Connections Guide

What is a connection?

Connections are the glue that integrates your Gadget app with third-party systems. They can model and extract data from those systems into your Gadget app, allowing you to build reports around that data or react to changes. Connections also allow your app to perform actions on the remote API, such as sending emails with SendGrid or publishing a product on Shopify.

Why should you care about connections?

Although standalone applications can provide utility, most software we build needs to integrate with external systems to provide business value. GitHub integrates with your continuous integration system so that you get feedback on pull requests. Commerce software integrates with warehouse management systems to track inventory.

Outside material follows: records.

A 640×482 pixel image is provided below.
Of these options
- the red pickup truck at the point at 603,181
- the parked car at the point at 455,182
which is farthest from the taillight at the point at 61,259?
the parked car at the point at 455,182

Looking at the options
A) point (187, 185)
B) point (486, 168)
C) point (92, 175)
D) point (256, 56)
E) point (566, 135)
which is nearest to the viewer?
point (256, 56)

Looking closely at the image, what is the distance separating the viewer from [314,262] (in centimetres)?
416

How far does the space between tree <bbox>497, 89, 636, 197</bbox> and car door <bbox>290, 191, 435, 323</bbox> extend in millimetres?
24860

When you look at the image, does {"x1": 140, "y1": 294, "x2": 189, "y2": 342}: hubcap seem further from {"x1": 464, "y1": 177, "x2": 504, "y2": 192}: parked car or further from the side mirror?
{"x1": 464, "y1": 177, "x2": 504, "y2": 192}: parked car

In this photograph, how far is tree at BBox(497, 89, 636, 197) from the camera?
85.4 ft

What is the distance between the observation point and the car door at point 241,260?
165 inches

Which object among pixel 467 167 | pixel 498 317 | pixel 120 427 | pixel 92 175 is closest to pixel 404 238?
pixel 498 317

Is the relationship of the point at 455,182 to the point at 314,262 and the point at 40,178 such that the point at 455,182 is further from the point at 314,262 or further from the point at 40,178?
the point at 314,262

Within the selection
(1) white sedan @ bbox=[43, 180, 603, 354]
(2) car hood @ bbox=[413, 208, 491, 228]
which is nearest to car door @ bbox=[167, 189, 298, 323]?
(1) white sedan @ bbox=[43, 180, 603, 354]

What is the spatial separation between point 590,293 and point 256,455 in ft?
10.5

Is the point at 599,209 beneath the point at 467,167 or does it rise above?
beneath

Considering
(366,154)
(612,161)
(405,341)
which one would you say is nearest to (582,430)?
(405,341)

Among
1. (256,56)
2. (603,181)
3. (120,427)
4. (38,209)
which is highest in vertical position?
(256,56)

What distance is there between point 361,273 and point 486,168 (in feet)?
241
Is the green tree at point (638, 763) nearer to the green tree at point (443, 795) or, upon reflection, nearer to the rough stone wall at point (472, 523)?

Second, building a reliable integration is difficult, and quite repetitive. Once you get past properly authenticating your app, there are lots of issues one has to address when talking to the external system. Webhooks are unreliable, so how do I ensure my system always has the most up-to-date data? Similarly, communicating over the network is unreliable, so how do I make actions reliable? How do I respond to specific changes in state? These are just a few of the things one has to manage when building an integration.

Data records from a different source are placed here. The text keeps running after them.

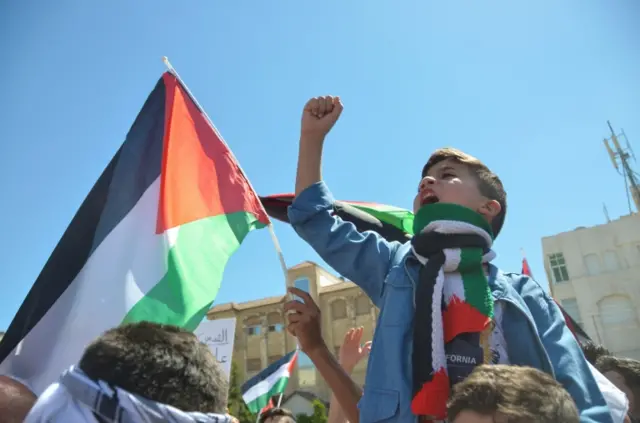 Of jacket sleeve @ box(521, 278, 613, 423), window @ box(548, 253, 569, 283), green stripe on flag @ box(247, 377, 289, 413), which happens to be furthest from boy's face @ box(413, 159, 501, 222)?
window @ box(548, 253, 569, 283)

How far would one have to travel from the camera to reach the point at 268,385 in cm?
816

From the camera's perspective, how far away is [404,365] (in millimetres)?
1729

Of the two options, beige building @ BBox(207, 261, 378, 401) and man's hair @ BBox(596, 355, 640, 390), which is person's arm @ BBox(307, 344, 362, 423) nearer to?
man's hair @ BBox(596, 355, 640, 390)

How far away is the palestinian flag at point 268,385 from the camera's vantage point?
786 cm

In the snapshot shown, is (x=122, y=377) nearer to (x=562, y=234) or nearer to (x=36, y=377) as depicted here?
(x=36, y=377)

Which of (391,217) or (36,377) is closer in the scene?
(36,377)

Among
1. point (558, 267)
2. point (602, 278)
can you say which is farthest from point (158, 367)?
point (558, 267)

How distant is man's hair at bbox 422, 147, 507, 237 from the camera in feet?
7.11

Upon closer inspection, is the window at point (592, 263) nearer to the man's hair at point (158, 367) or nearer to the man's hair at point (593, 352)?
the man's hair at point (593, 352)

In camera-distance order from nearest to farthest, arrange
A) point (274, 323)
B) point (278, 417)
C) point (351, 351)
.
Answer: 1. point (351, 351)
2. point (278, 417)
3. point (274, 323)

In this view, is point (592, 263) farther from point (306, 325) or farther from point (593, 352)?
point (306, 325)

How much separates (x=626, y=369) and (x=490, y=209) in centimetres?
232

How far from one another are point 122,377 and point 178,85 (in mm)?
3253

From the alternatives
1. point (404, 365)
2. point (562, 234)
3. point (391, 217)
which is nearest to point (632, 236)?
point (562, 234) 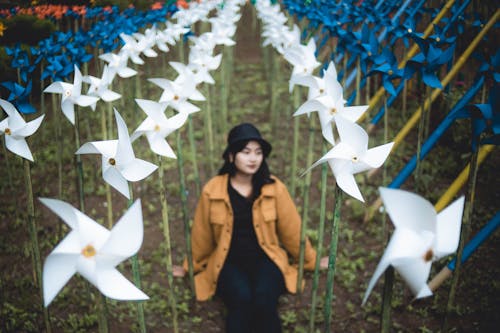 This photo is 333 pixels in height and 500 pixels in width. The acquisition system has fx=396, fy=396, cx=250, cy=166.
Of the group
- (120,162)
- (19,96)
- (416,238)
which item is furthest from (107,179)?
(416,238)

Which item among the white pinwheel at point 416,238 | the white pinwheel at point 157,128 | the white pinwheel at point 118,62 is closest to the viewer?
the white pinwheel at point 416,238

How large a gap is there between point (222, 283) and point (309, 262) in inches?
22.7

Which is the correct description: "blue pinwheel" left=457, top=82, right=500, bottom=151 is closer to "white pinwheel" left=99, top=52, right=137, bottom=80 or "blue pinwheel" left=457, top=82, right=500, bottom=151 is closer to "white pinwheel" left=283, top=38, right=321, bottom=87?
"white pinwheel" left=283, top=38, right=321, bottom=87

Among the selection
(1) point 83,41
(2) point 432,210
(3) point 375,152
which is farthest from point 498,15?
(1) point 83,41

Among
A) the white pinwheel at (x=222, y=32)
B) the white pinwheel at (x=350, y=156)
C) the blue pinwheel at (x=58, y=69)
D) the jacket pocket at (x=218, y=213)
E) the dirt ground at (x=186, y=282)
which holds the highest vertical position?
the white pinwheel at (x=222, y=32)

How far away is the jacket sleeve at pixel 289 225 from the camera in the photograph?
240cm

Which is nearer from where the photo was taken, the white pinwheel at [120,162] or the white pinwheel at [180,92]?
the white pinwheel at [120,162]

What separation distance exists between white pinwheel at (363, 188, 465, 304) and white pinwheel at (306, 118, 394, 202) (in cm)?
29

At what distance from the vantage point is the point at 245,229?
240cm

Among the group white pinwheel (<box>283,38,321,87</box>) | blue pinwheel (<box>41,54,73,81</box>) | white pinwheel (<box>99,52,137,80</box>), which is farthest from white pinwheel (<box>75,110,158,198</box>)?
white pinwheel (<box>283,38,321,87</box>)

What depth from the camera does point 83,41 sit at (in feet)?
7.72

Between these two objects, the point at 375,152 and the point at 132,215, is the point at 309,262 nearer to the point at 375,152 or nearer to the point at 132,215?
the point at 375,152

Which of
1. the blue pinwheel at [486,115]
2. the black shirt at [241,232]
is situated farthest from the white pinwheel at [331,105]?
the black shirt at [241,232]

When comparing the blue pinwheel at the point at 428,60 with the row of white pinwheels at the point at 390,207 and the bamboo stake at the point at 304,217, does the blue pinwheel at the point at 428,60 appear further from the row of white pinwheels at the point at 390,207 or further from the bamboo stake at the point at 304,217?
the bamboo stake at the point at 304,217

Finally, some remote APIs can be difficult to model. For example, Shopify products have many variants as child resources. If you want to model products and product variants separately in your app, you also need to deal with the fact that a product variant being deleted results in a product update payload, with a variants list containing all variants except the one that was deleted.

What do connections provide?

Gadget connections provide all the things you need to reliably integrate with external systems. There are three major types of things you get when installing a connection on your Gadget app:

  1. Data modeling: Gadget will provide models with some connections, and ensure these models are kept up to date with the remote system, through webhooks and background data synchronization.
  2. Effects: For third-party systems which provide APIs that allow you to run actions on remote systems, such as sending an email, Gadget will provide effects that allow you to easily perform those actions.
  3. Client: When Gadget doesn’t do exactly what you need, an authenticated client is available for your custom code effects to use.